◆ **Task details**: Before copying, set the pictures aside; then repeat every line below verbatim.

◆ **Data segment**:
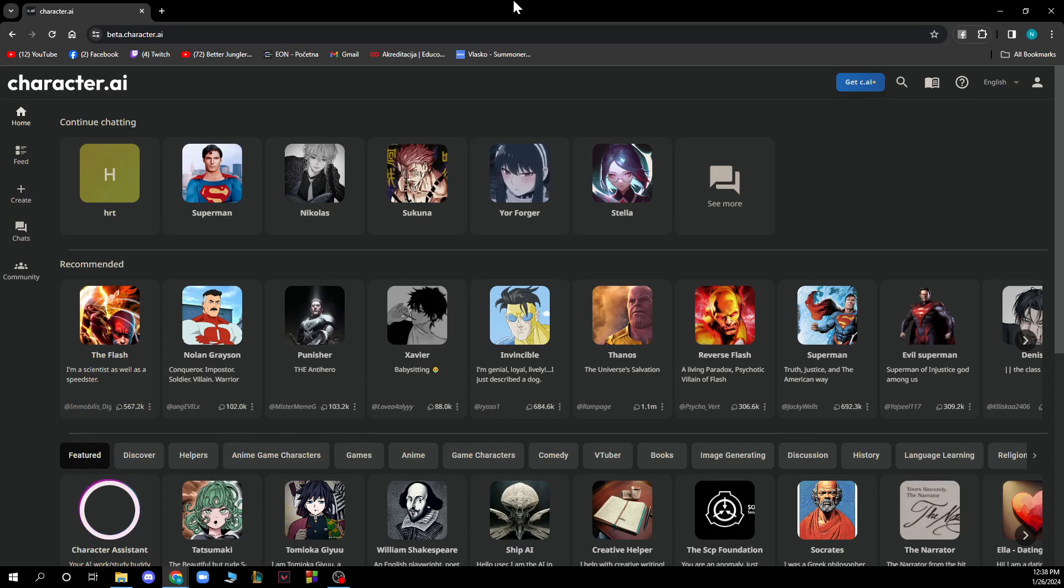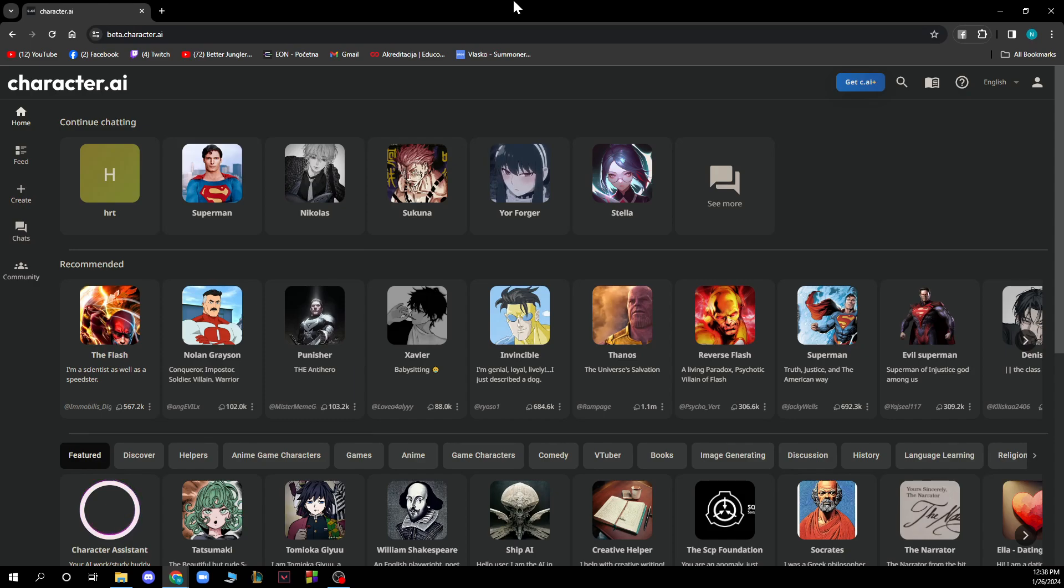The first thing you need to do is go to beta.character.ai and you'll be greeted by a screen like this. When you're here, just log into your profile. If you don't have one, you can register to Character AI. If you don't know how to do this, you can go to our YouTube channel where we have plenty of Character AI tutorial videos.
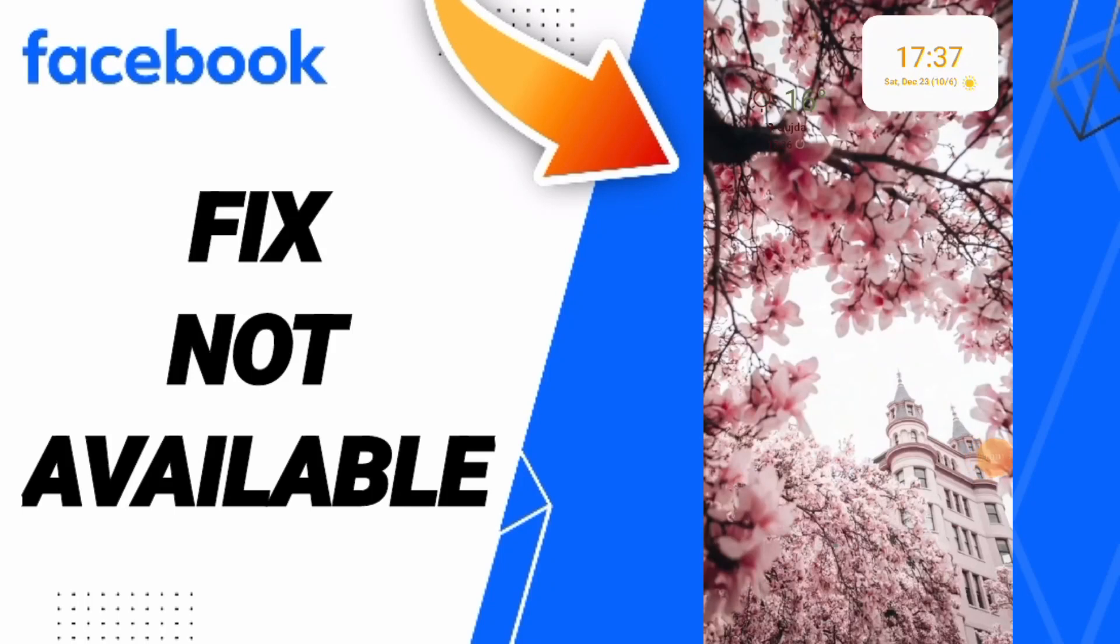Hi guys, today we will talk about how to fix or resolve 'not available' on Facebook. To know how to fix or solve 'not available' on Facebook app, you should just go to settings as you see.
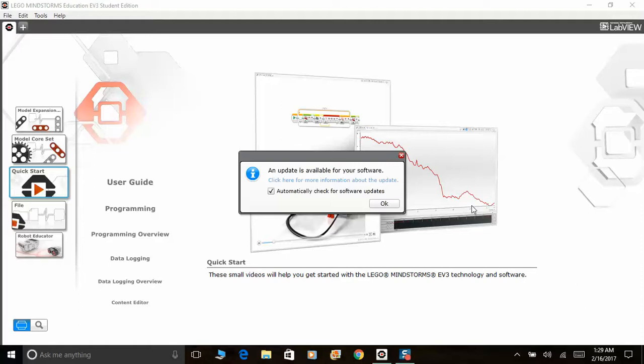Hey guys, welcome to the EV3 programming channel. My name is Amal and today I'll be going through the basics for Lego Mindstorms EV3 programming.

◆ **Written answer**:
The first thing you need to do is go to beta.character.ai and you'll be greeted by a screen like this. When you're here, just log into your profile. If you don't have one, you can register to Character AI. If you don't know how to do this, you can go to our YouTube channel where we have plenty of Character AI tutorial videos.
Hi guys, today we will talk about how to fix or resolve 'not available' on Facebook. To know how to fix or solve 'not available' on Facebook app, you should just go to settings as you see.
Hey guys, welcome to the EV3 programming channel. My name is Amal and today I'll be going through the basics for Lego Mindstorms EV3 programming.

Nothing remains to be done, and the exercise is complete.